[[ Material provided open ]]

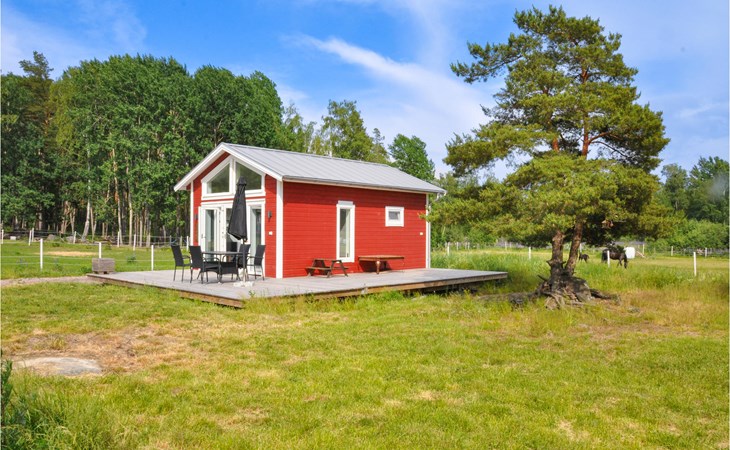 Nice home in Hammarö with kitchen 1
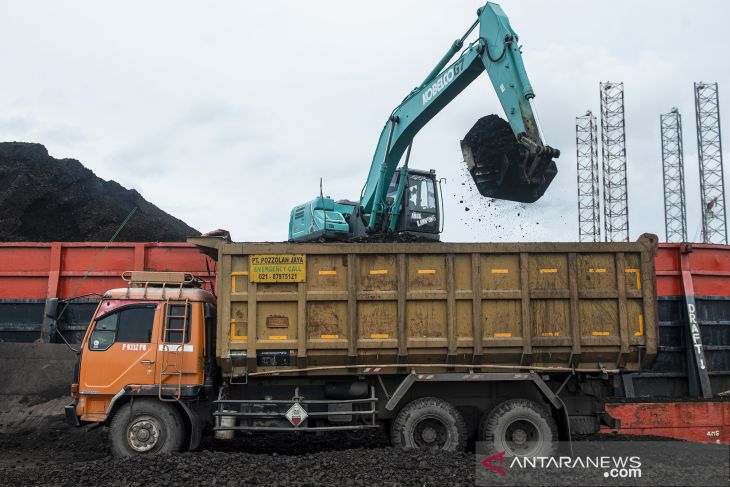 Indonesia gradually resumes coal exports
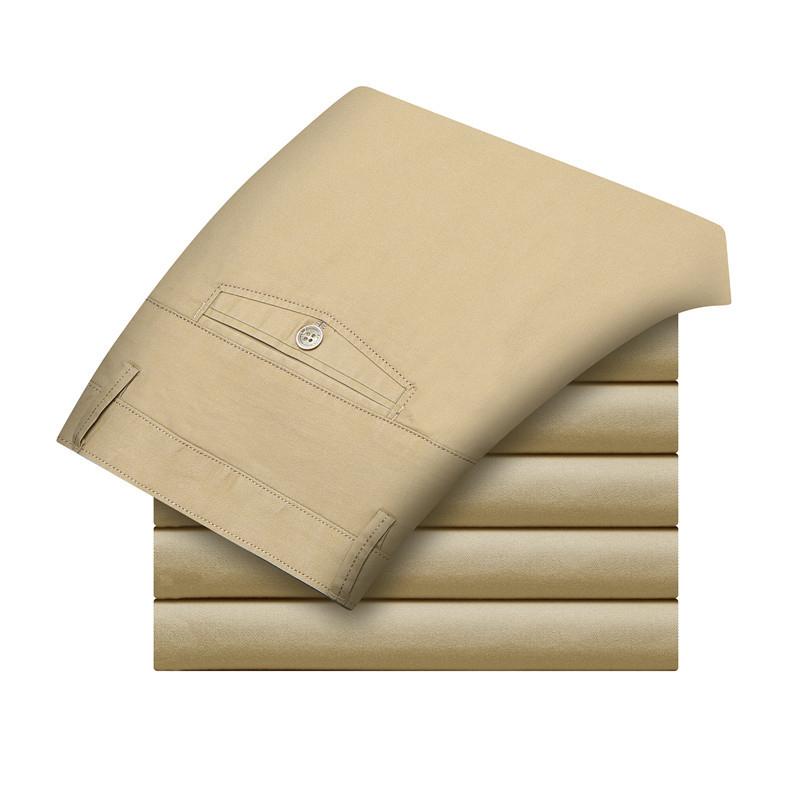 "Klassiska raka byxor för män i khaki, bomullsmaterial, eleganta raka ben och praktiska sidofickor."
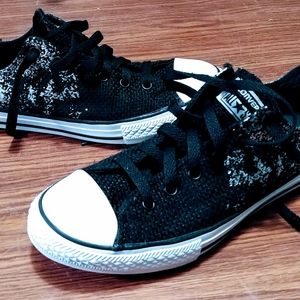 Juniors Converse Shoes Size 6 Black & Silver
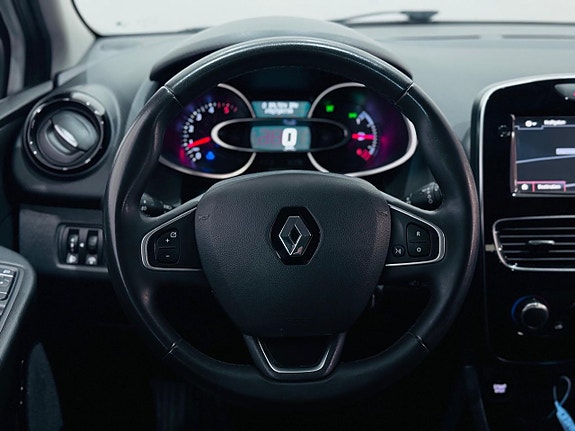 Renault Clio 18 of 21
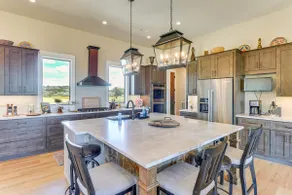 Stunning Twin Hills River Ranch - Image 4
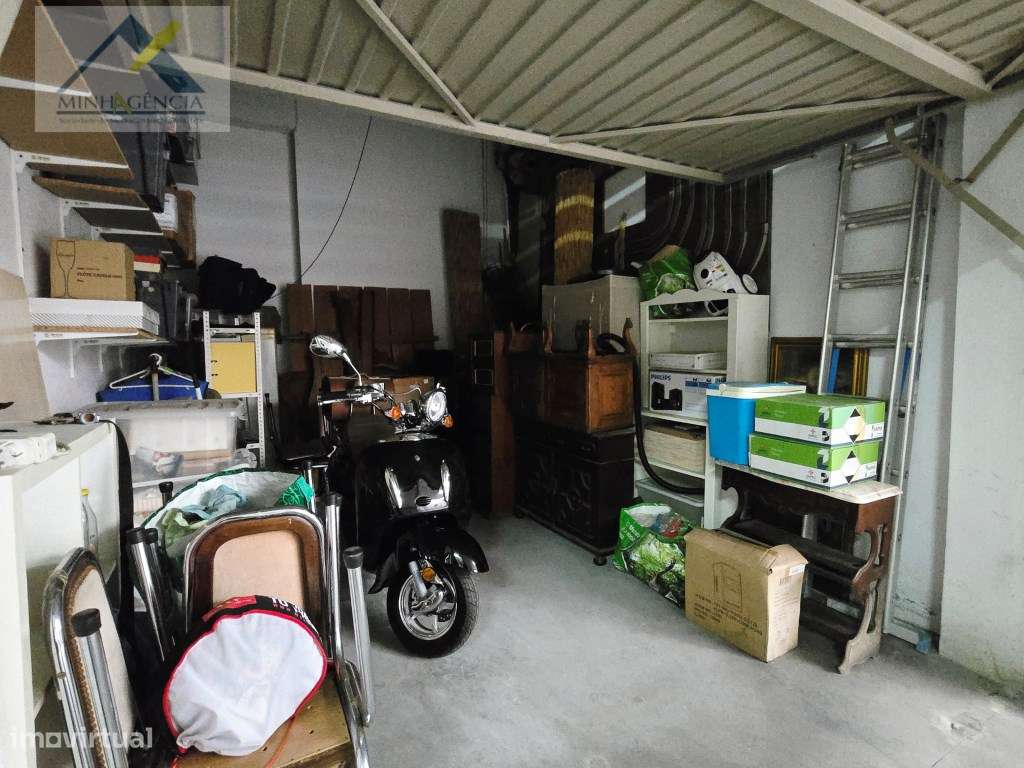 Apartamento T3 com terraço e garagem no Bairro Dias em Setúbal-37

[[ Material provided closed ]]

**What you should do:** Please repeat every record exactly, leaving the pictures out.

**Exercise answer:**
 Nice home in Hammarö with kitchen 1
 Indonesia gradually resumes coal exports
 "Klassiska raka byxor för män i khaki, bomullsmaterial, eleganta raka ben och praktiska sidofickor."
 Juniors Converse Shoes Size 6 Black & Silver
 Renault Clio 18 of 21
 Stunning Twin Hills River Ranch - Image 4
 Apartamento T3 com terraço e garagem no Bairro Dias em Setúbal-37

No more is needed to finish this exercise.